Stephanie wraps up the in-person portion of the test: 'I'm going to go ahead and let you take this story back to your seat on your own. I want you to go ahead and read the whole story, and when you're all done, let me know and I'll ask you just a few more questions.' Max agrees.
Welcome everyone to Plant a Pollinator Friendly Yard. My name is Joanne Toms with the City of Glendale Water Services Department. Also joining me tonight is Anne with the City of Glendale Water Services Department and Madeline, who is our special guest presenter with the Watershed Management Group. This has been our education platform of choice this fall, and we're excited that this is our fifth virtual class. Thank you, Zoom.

---

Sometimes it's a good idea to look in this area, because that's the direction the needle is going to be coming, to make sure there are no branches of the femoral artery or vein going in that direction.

---

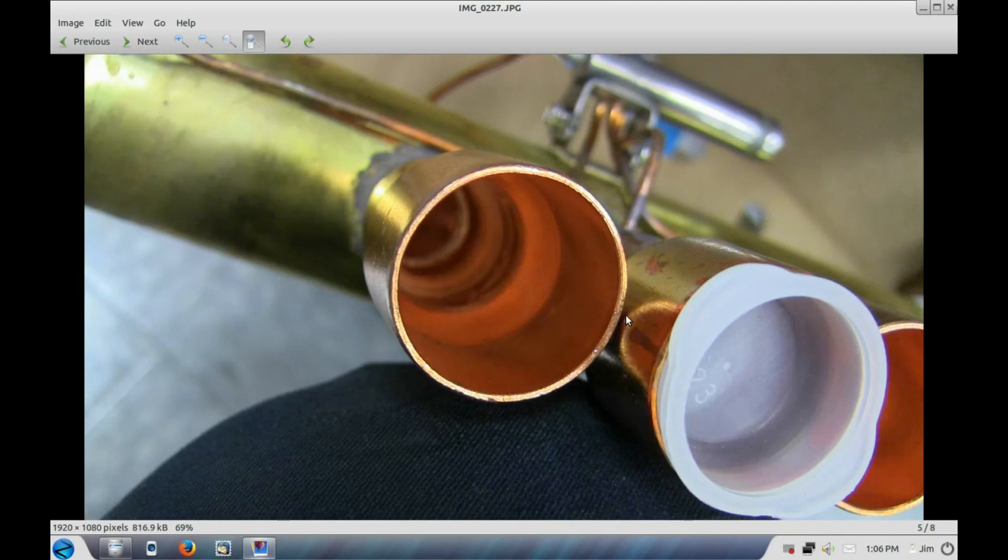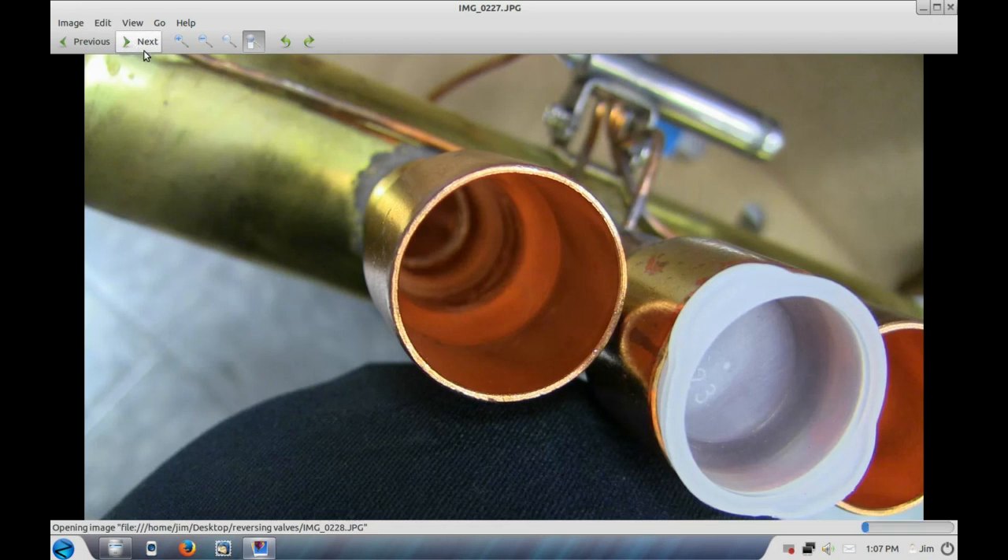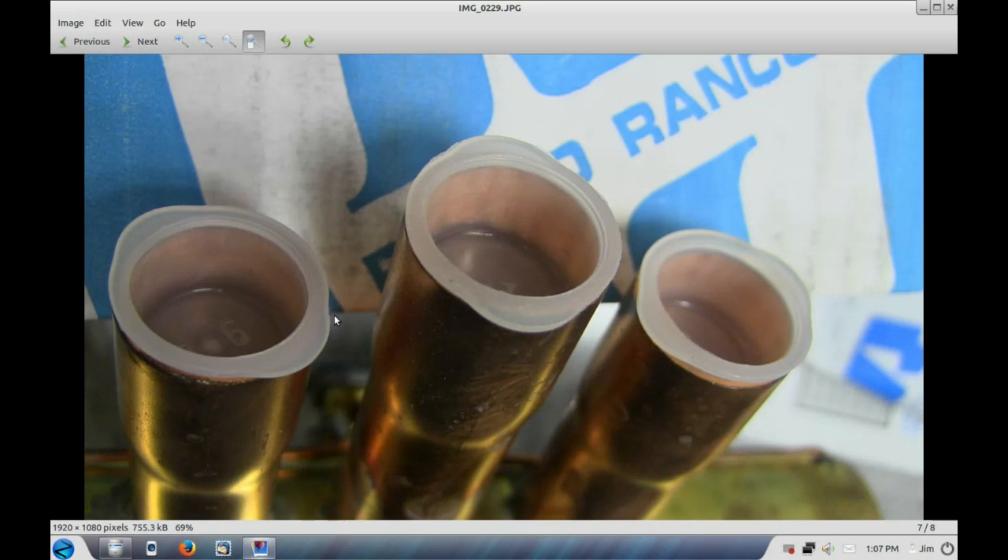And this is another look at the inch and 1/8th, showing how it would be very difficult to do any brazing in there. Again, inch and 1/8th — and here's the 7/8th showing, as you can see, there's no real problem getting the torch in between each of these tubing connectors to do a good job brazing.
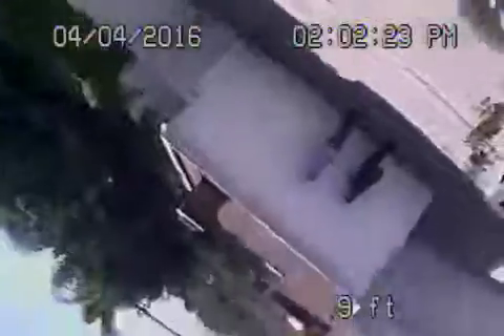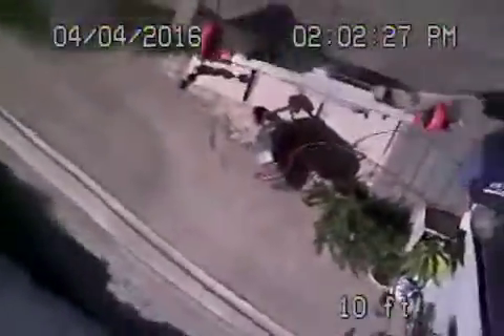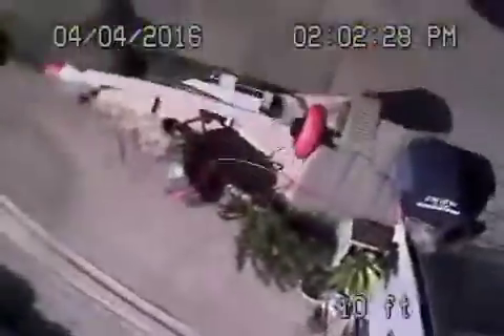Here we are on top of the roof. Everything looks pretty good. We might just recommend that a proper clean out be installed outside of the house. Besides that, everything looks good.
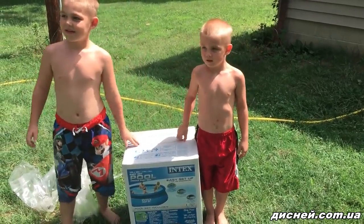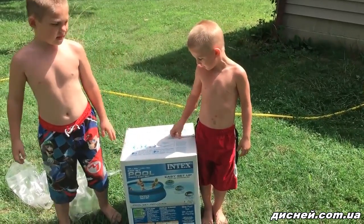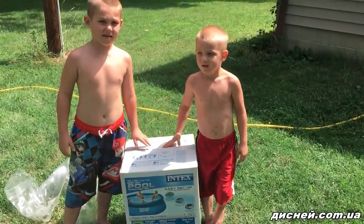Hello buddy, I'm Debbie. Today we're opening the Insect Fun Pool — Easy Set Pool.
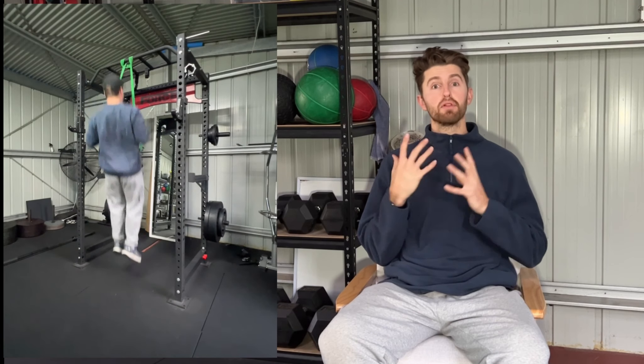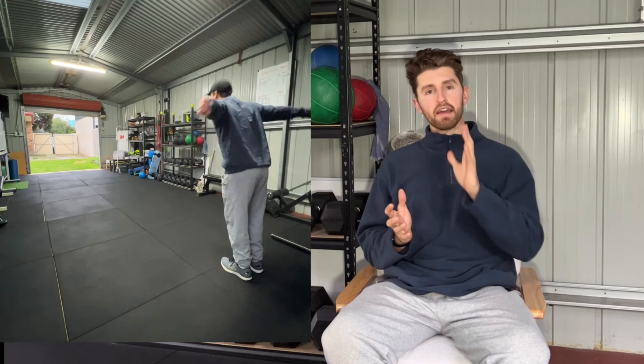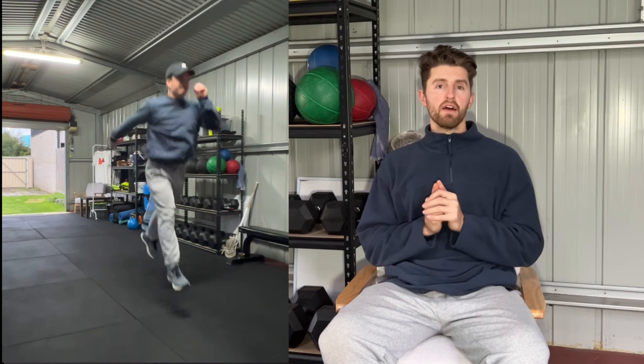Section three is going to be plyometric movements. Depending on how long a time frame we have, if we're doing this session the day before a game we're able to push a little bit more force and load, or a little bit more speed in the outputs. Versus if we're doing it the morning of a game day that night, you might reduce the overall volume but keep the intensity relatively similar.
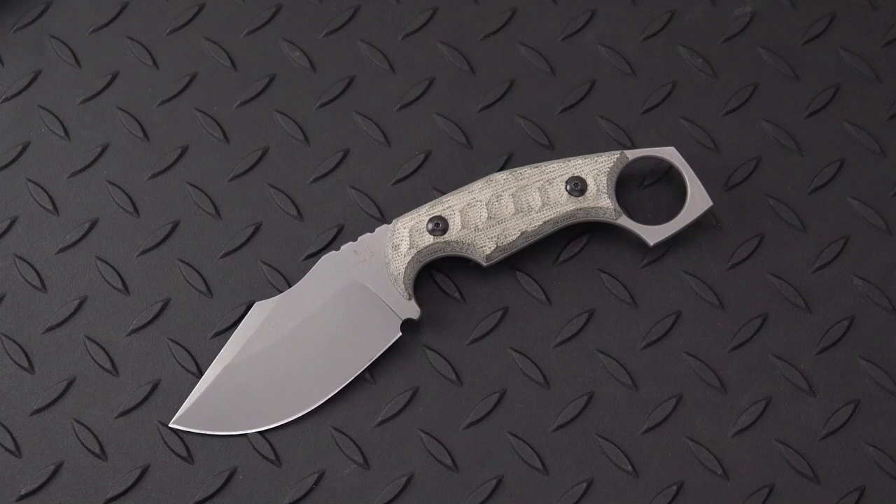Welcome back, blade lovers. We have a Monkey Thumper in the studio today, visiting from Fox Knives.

**Assignment**
Reproduce exactly the lines above starting at the line containing "Hello buddy, I'm" and ending at the line containing "Welcome back, blade", including both, but not the pictures.

**Problem solution**
Hello buddy, I'm Debbie. Today we're opening the Insect Fun Pool — Easy Set Pool.
Section three is going to be plyometric movements. Depending on how long a time frame we have, if we're doing this session the day before a game we're able to push a little bit more force and load, or a little bit more speed in the outputs. Versus if we're doing it the morning of a game day that night, you might reduce the overall volume but keep the intensity relatively similar.
Welcome back, blade lovers. We have a Monkey Thumper in the studio today, visiting from Fox Knives.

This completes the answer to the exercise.